Michelle Bouchier arbeitet dort als kostümierte Magd und zeigt Touristen auf einstündigen Touren die Familienräume. Dazu gibt es auch ein paar Anekdoten, die nicht immer zur Geschichtsschreibung passen. So etwa Macdonalds Faible für die Spelunken der Stadt. Manche der Kneipen gehörten ihm sogar selbst. In der „Royal Tavern“ in der Princess Street hängen noch heute die alten Grundbuchauszüge aus jener Zeit. Im „Sir John’s Public House“, einem Pub in der King Street, befand sich einst sein Anwaltsbüro.
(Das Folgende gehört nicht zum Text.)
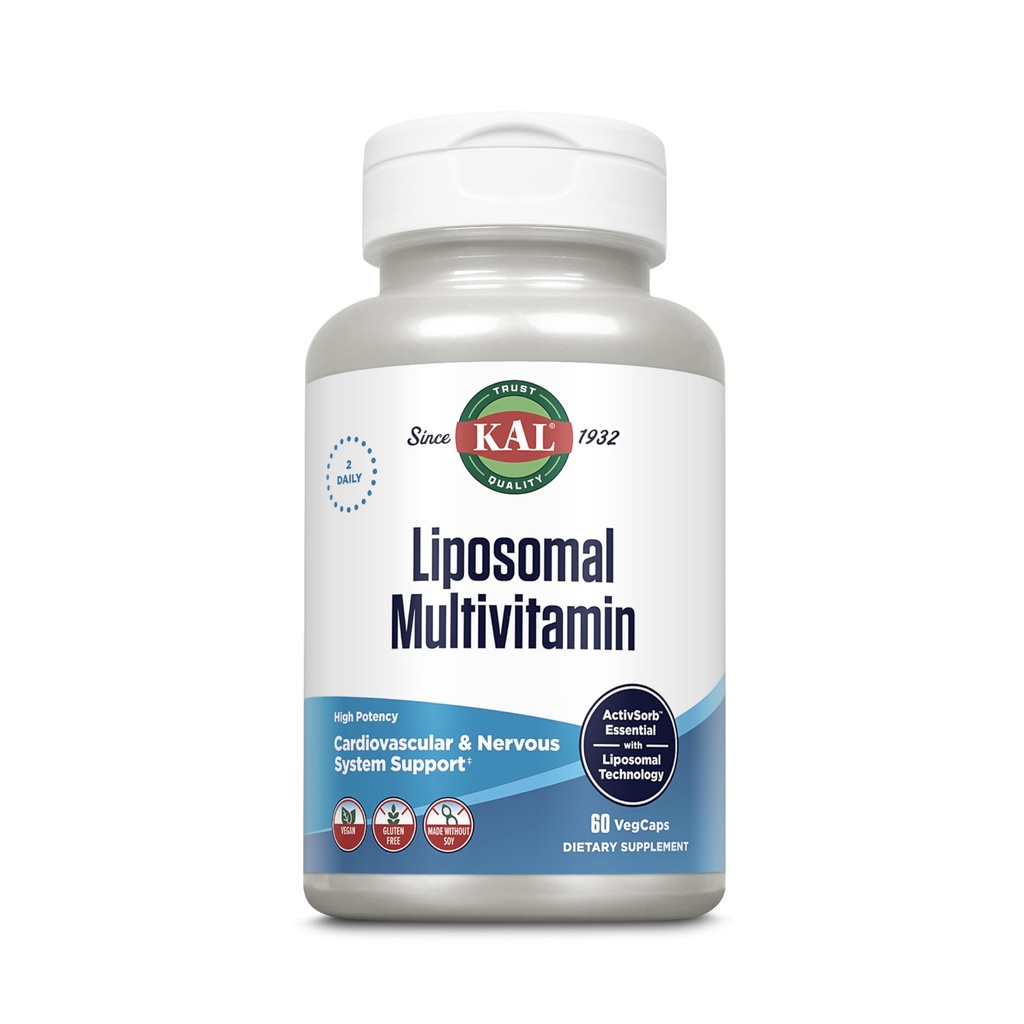 KAL Multivitaminico Liposomico - Alta Potenza Vitamina Liposomica C, D-3 e altro - Uomini e donne Multivitamina per il supporto di sistema cardiovascolare e nervoso - 30 Serve, 60 VegCaps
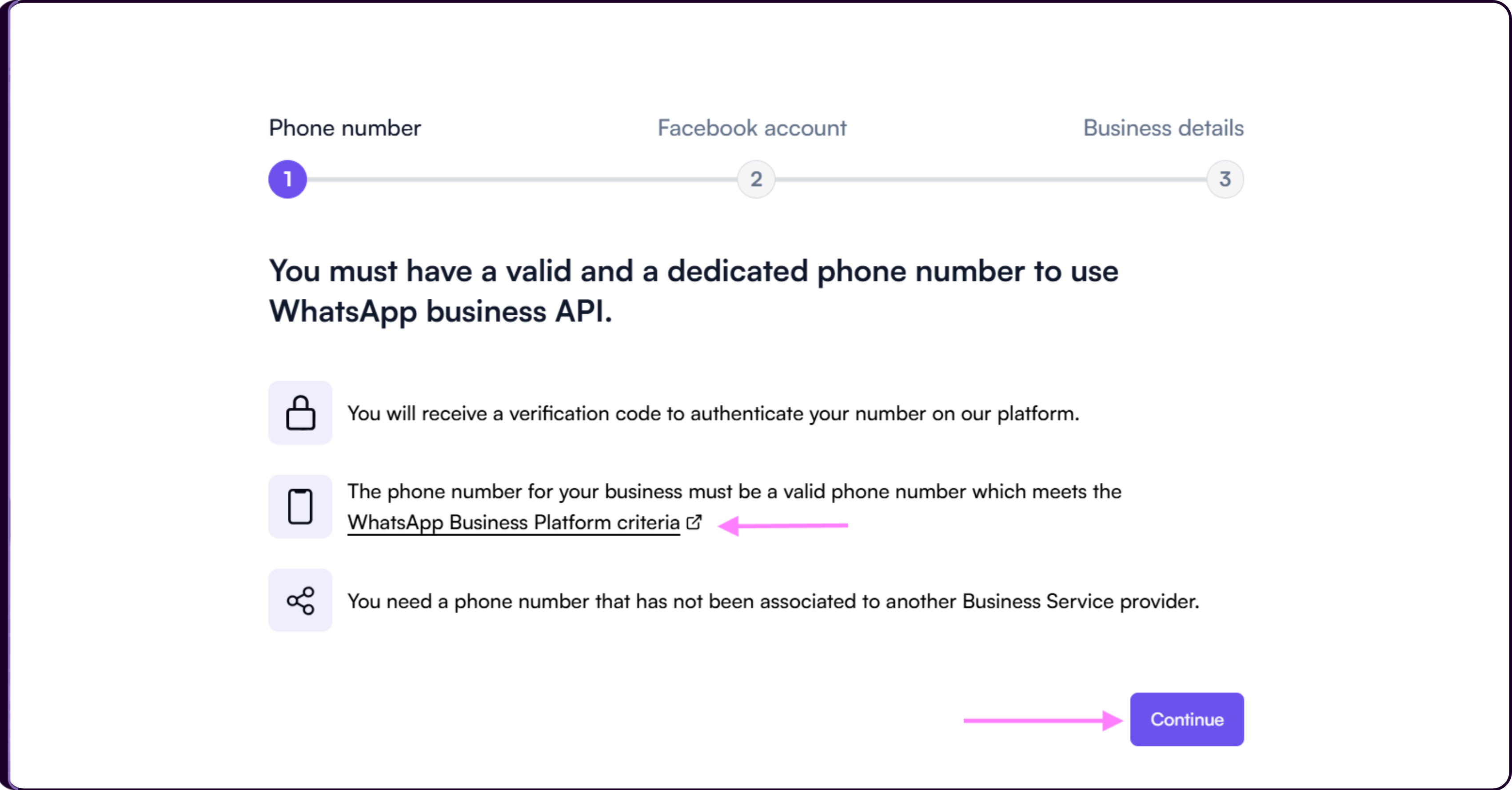 Business phone number requirements screen for WhatsApp Business Platform onboarding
Das Highlight von Kingston ist allerdings Fort Henry. Errichtet wurde die Bastion zwei Jahrzehnte nach dem britisch-amerikanischen Krieg von 1812 als Festung gegen eine mögliche Invasion aus den USA – zu der es allerdings nie kam. Bei gutem Wetter kann man von hier mit dem Fernglas die Nachbarn im US-Bundesstaat New York auf der anderen Seite des Sankt-Lorenz-Stroms erspähen.

Getöse zur Mittagszeit

Heute gehören das Fort und das Gelände drumherum zum Weltkulturerbe. Mit eingeschlossen ist auch der Rideau-Kanal, der Kingston mit Ottawa verbindet und heute als beliebtes Revier für Bootstouristen gilt. Im Fort selbst waren einst bis zu 400 Soldaten stationiert; heute haben Studenten der nahen Militärakademie von Kingston hier das Kommando.

„Stillgestanden, neue Gäste sind im Anmarsch“, ruft Fähnrich Kateen Massey-Allard, als die Besucher das Fort betreten. Am Fahnenmast drinnen weht wie einst der britische Union-Jack, Kadetten in scharlachroten Uniformen und schwarzen Hosen proben gerade den Drill und Soldaten bereiten 24-Pfünder für die täglich Mittags-Kanone vor.

Punkt 12 Uhr ist es soweit: Ein Offizier ruft ein paar schnittige Kommandos und ein Soldat stopft mit einer langen Latte Schießpulver in eine Kanone, die auf einer der mächtigen Wehrmauern des Forts steht. Dann gibt es auf einmal einen riesigen Knall. Die Mauern beben, die Holztüren wackeln, der Rauch steht hoch über dem Horizont. Spätestens hier und jetzt fühlt man sich zurückversetzt in die Anfangsjahre Kanadas.